**Task item**
In full and exactly, reproduce the entries below, but omit the pictures.

*** Begin section ***

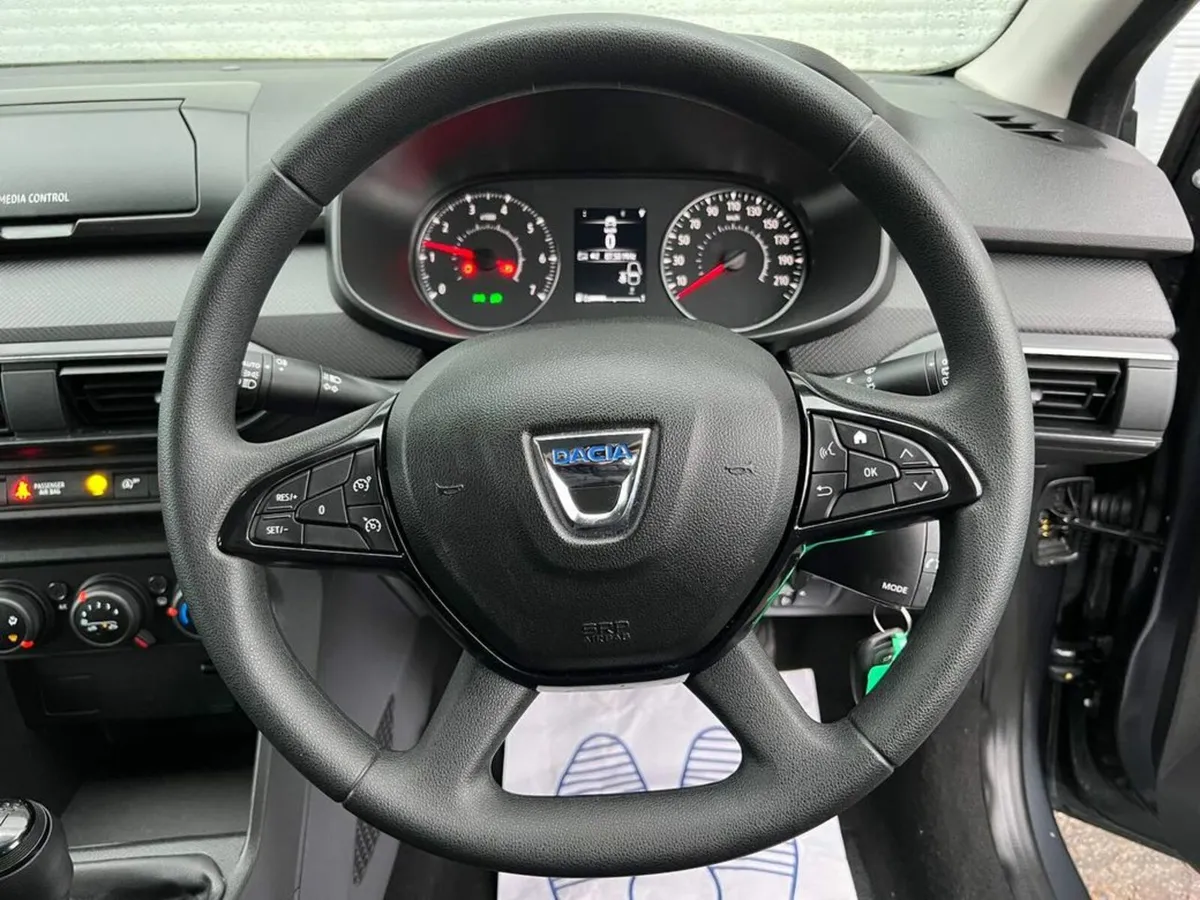 Dacia Sandero ESSENTIAL 1.0 TCE // CRUISE CONTROL - Image 4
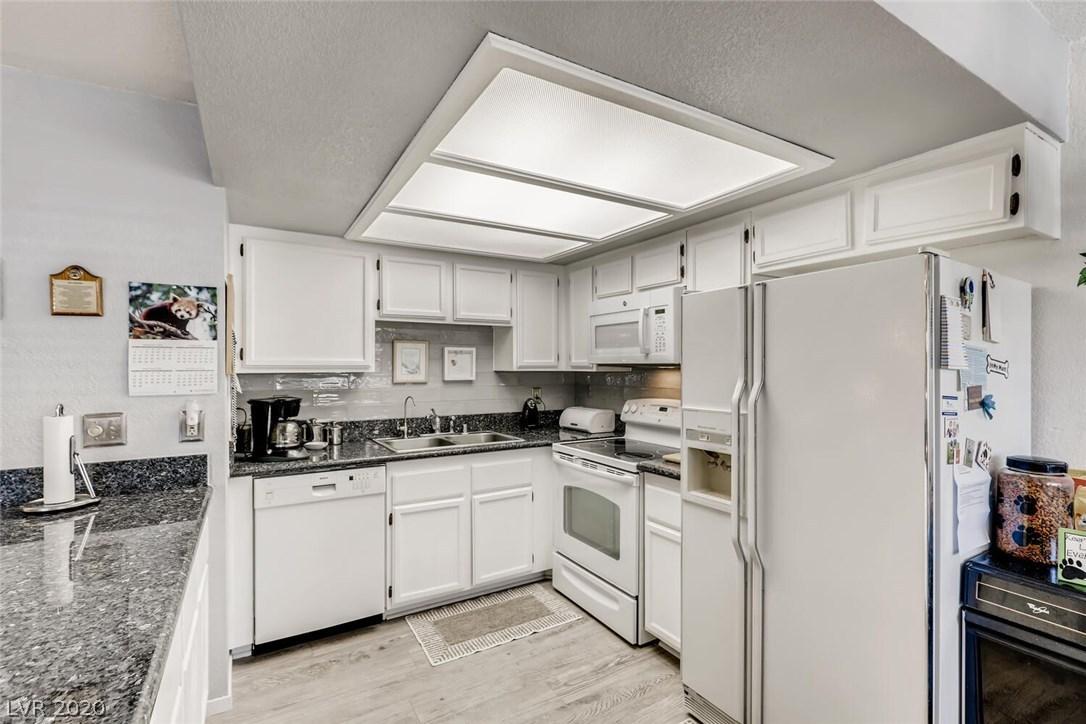 2724 Otter Creek Court Unit: 102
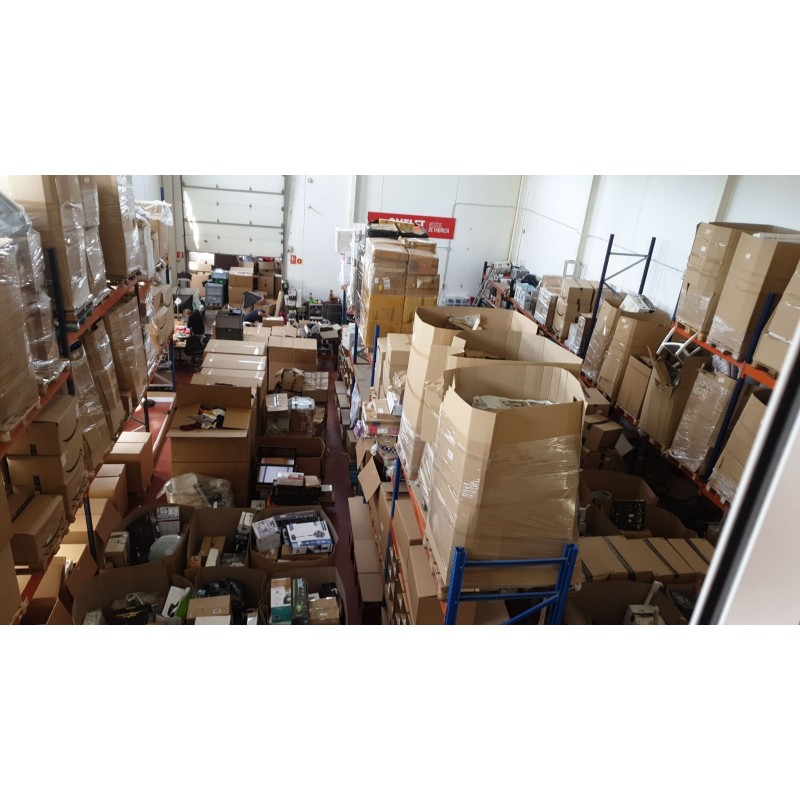 Stock 2000pz lotto materiale fotografico, elettrico elettronico Stock 2000pz lotto materiale fotografico, elettrico elettronico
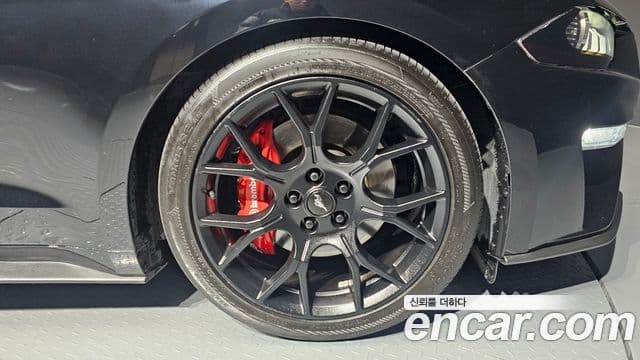 Ford Mustang купе, 2018 все фото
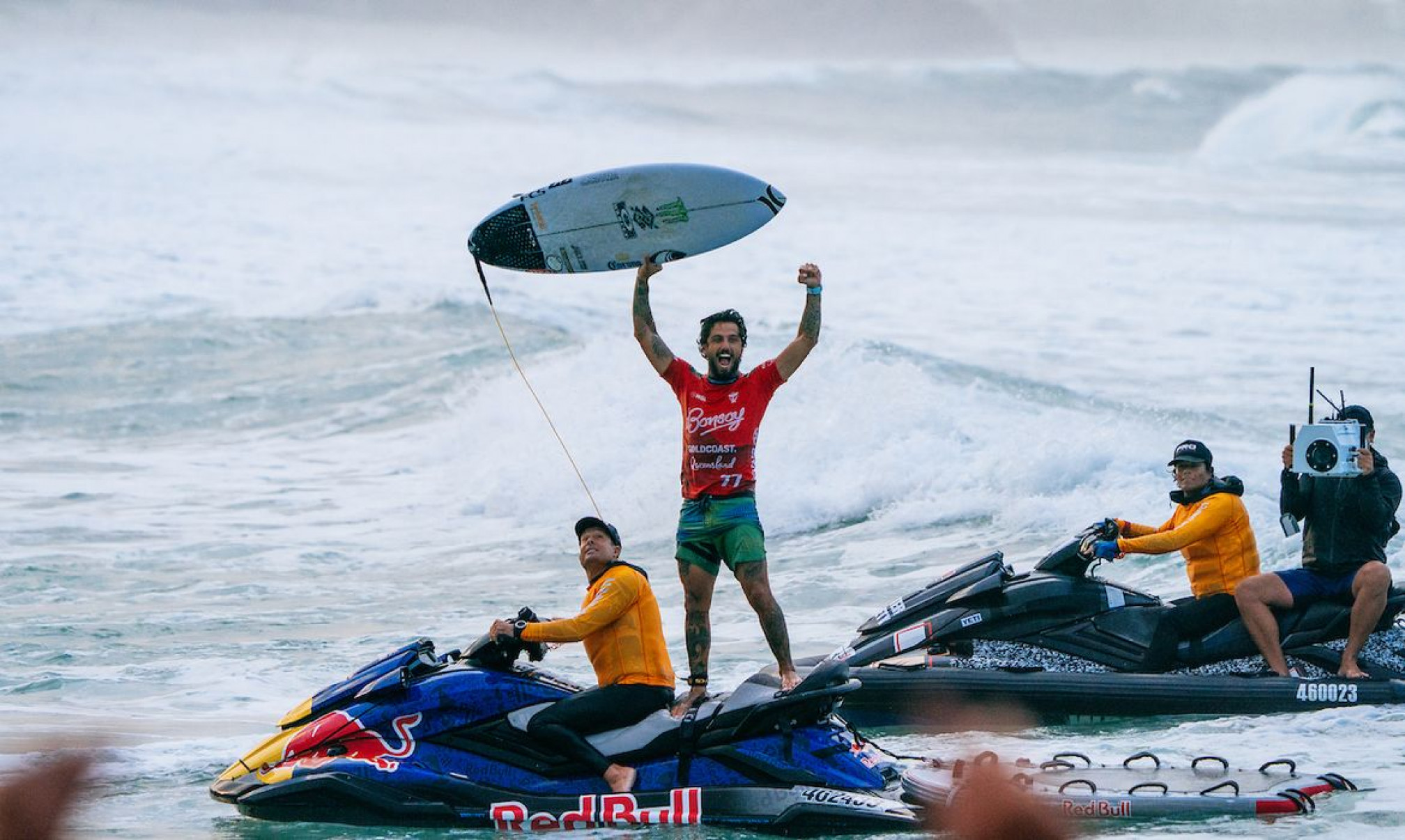 Surfe: Filipe Toleto conquista título da etapa de Gold Coast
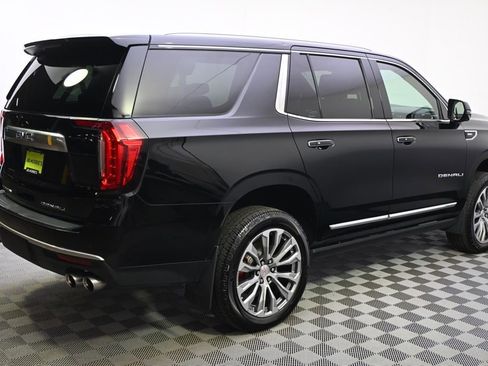 Used 2021 GMC Yukon Denali w/ Denali Premium Package image 7
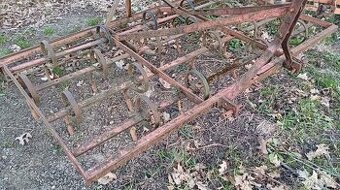 Kultivátor s drobicim válcem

*** End section ***

**Solution**
 Dacia Sandero ESSENTIAL 1.0 TCE // CRUISE CONTROL - Image 4
 2724 Otter Creek Court Unit: 102
 Stock 2000pz lotto materiale fotografico, elettrico elettronico Stock 2000pz lotto materiale fotografico, elettrico elettronico
 Ford Mustang купе, 2018 все фото
 Surfe: Filipe Toleto conquista título da etapa de Gold Coast
 Used 2021 GMC Yukon Denali w/ Denali Premium Package image 7
 Kultivátor s drobicim válcem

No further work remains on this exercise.